By choice. No one has to change just because other people want them to. But some people genuinely don’t want to offend or oppress other people. Some people are willing to examine their privilege and actions in order to contribute to harmony. It’s not easy because we can be defensive.
I guess I’m a far leftist when I say if it “entrenches on someone’s right to be here, then it’s bad.”
The examples of cancel culture I hear the most about have to do with the statues of slave owners and rapists.
But, apparently that’s morphing into other things as evidenced here.
Btw being a so-called far leftist is where I feel decency lies.
I find it weird that the pro-statue people have dragged it into the cancel culture domain, because I think that confuses the issue. Statues serve to celebrate individuals. Taking down statues doesn’t erase history, it ends the celebration. Burning/banning books is what tries to cancel history.
I see. That makes sense. It apparently doesn’t take long for things to get muddied.
I think muddied is pretty much the constant state of affairs.
:/
Great post, Ashley! Yeah, this is a huge topic and I have mixed feelings about it.
One thing is for sure, though, and cancel culture is exhausting. Both the right and left do it, too, and it seems like it’s more a tool for political power than anything else.
That’s a good point.
I had a couple columns published on cancel culture shortly after I first learned about it, in January 2020.
https://spokanefavs.com/cancel-culture-isnt-new-but-its-still-dangerous/
https://www.spokesman.com/stories/2020/jan/20/faith-and-values-take-obamas-advice-and-dont-just-/
Cancel culture horror stories abound, but I have to say I have mixed feelings. As someone said above, I think it’s taken on broader meaning in the past year or more. It has the effect of making me want to effect more self-censorship — in order to avoid cancellation. That could be a good thing, if spread around.
It’s a bizarre phenomenon. Given that banishing has been going probably since humans learned how to make fire, I wonder if cancel culture is an almost inevitable result of human nature plus social media.
This was a really interesting read. ‘Cancel Culture’ is a phrase that gets thrown about a lot but without any real consideration as to what it means.

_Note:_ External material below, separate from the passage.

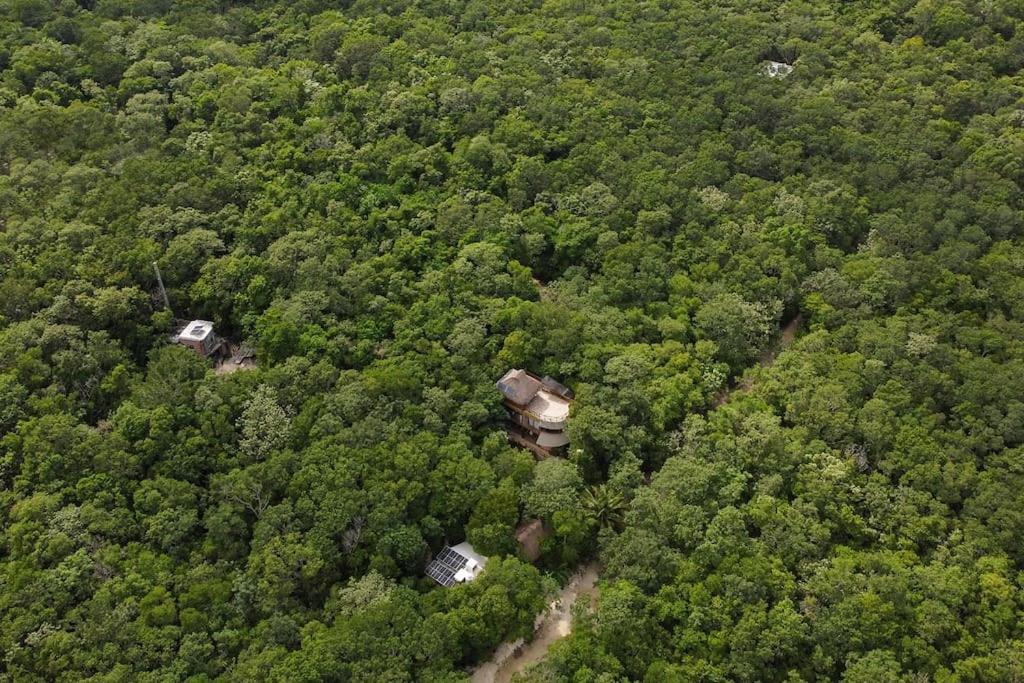 Palapa De La Selva With Cenotes Holiday home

Because isolating people from society for views you don’t agree with is not a new concept.
I think cancelling people is an important option to have available to ensure a moral code for society that protects vulnerable groups but that it has gone too far.
Also as a history uni graduate I am wary about judging those in history by modern standards.
Looking back at history, some actions clearly caused direct harm to others, but many were more indirect, and just because we see those indirect linkages now doesn’t mean they were apparent then.
Cancelling someone, in terms of public shaming, or shunning, or just being criticized, is, again, nothing new, though it is arguably different in how quickly and severely it can happen online.” That’s a very good point.
If they are consistent purveyors and catalysts of hatred or violence, shame and shun away!
Yes,, there’s really no room for that in the public arena.
I’ve never understood cancel culture. From what my brain is telling me after reading your post, is it that of people acting upon something to which they find offensive? Or have I got the wrong end of the stick? Most likely the latter.
Yeah, it seems to be people “cancelling” things they find offensive. Or maybe just Twitter hive brain. I’m really not clear.
I’m just surprised my brain actually managed to process something which is current! 😄
Lol
“Cancel culture” wasn’t a thing until boycott’s started being organized on social media and hitting conservatives. Suddenly, “cancel culture” is a thing and it’s bad. Most of the time, the word they’re looking for is “consequences.”
There are absolutely problems with setting the mob that is social media lose on a specific target. People in groups are stupid and mean. But “cancel culture” didn’t bother conservatives when they were calling for boycott’s of Nike over #takeaknee.
Boycotting isn’t new. The sudden amplifications about “cancel culture” mostly seems based in hypocrisy. At least, that’s my reading.
Yeah, boycotting is not not at all. I guess social media just makes it possible on a new scale.